Re: Cleaning up history with git rebase

[Date Prev][Date Next][Thread Prev][Thread Next][Date Index][Thread Index]

 



On Sun, 31 Jul 2011 14:20:37 -0300, Ricky Egeland wrote:

> I've succeeded at breaking apart this big repository using
> `git filter-branch`, but where I am failing is the cleanup of
> the history of these new sub-repositories. The original big
> repository was used for years in a CVS-like fashion, with about
> 20 or so developers doing a pull/edit/pull/push workflow using a
> centralized shared repository. Most developers were working on
> unrelated components, so merge conflicts were rare, but there are
> some exceptions to that. The end result is that there are a lot
> of merge commits in big-repo.git, and in the case of my split
> sub-repositories these merge commits still appear in the history,
> even for merges which did not involve files that end up in a
> given repository. In most cases, there are more merge commits in
> the history than there are commits that actually affected the
> code that is left in these sub-repositires.
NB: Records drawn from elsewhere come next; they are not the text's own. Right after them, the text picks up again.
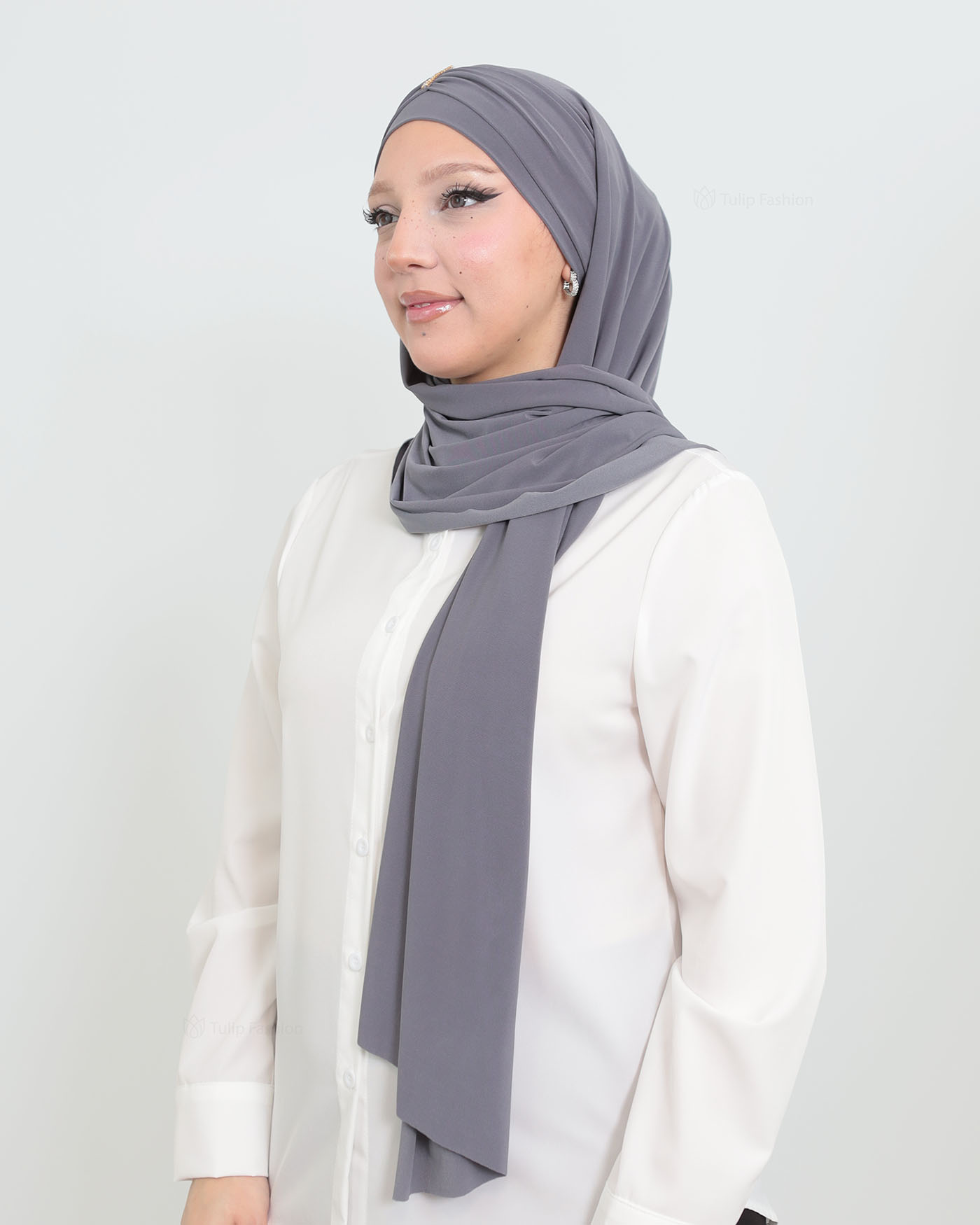 Turban - Soraya - Grau - 2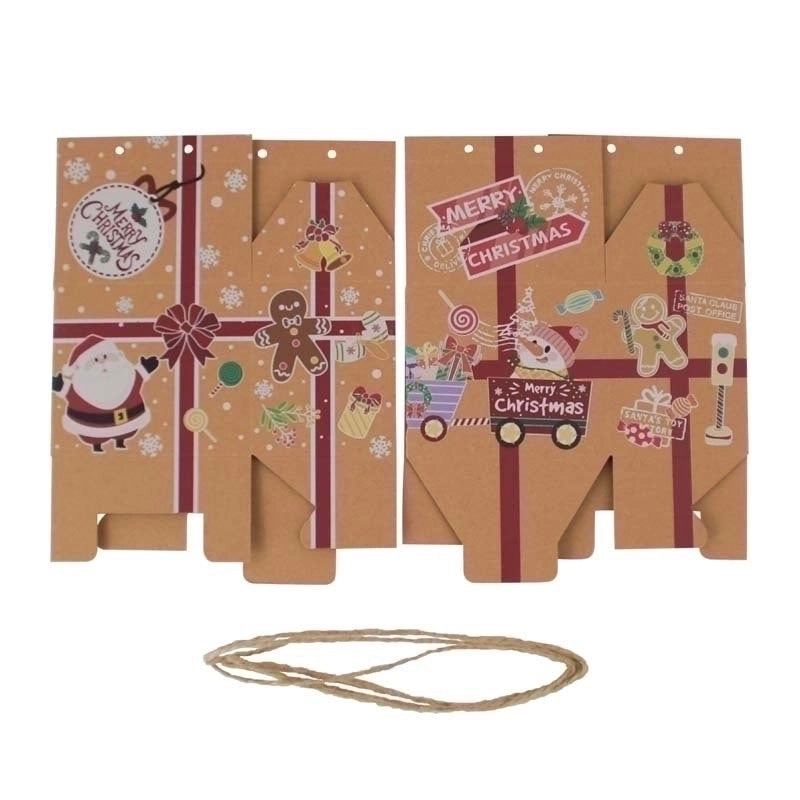 Christmas Kraft Paper Gift Bags with Cute Letters for Holiday Parties|Party Supplies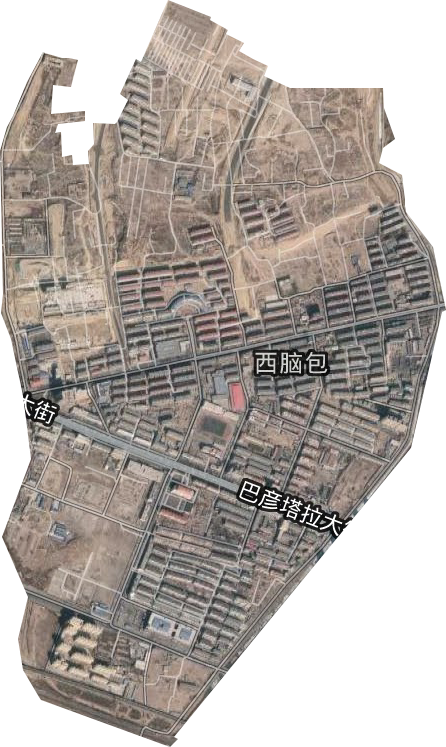 西脑包街道卫星图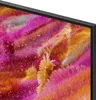 A close-up view of a television screen displaying a colorful, abstract image with water droplets. Produktbild-Vorschau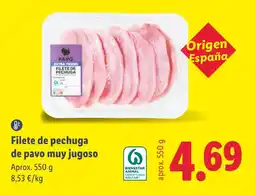 Lidl Pavo filete de pechuga de pavo muy jugoso oferta
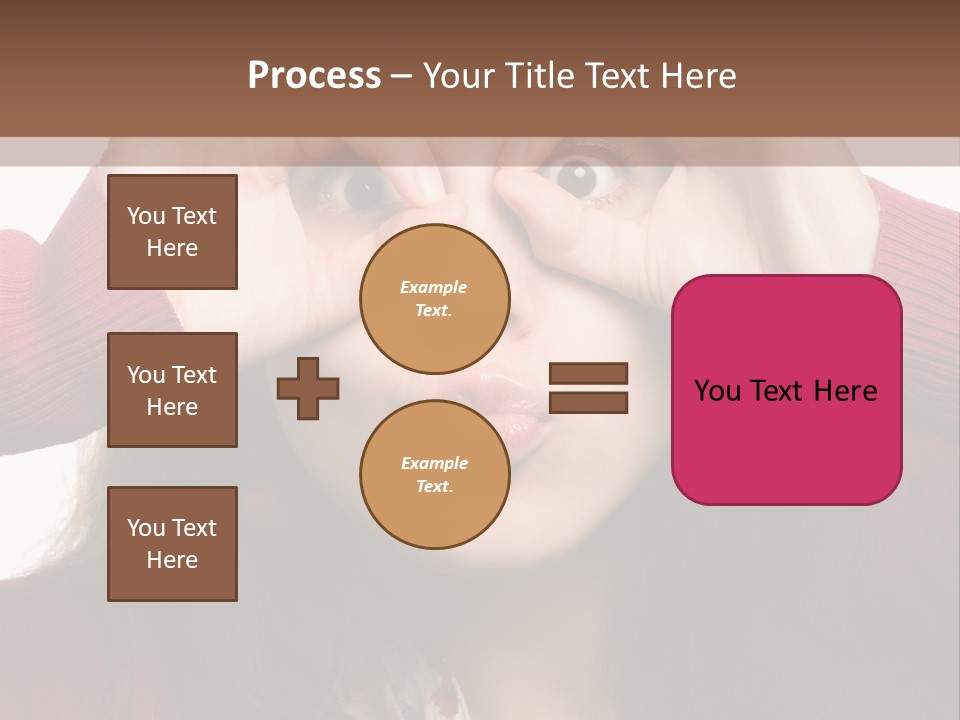 Shoulder Hand Expression PowerPoint Template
I really want to
> clean this up.


Maybe you could use a more sophisticated filter-branch script to
examine merge commits and split them up or throw them out as
necessary.


> git rebase $(git rev-list --reverse HEAD | head -n 1)


As an aside, I would have expected to be able to limit the
`rev-list' output directly as in the following:

  git rebase $(git rev-list -1 --reverse HEAD)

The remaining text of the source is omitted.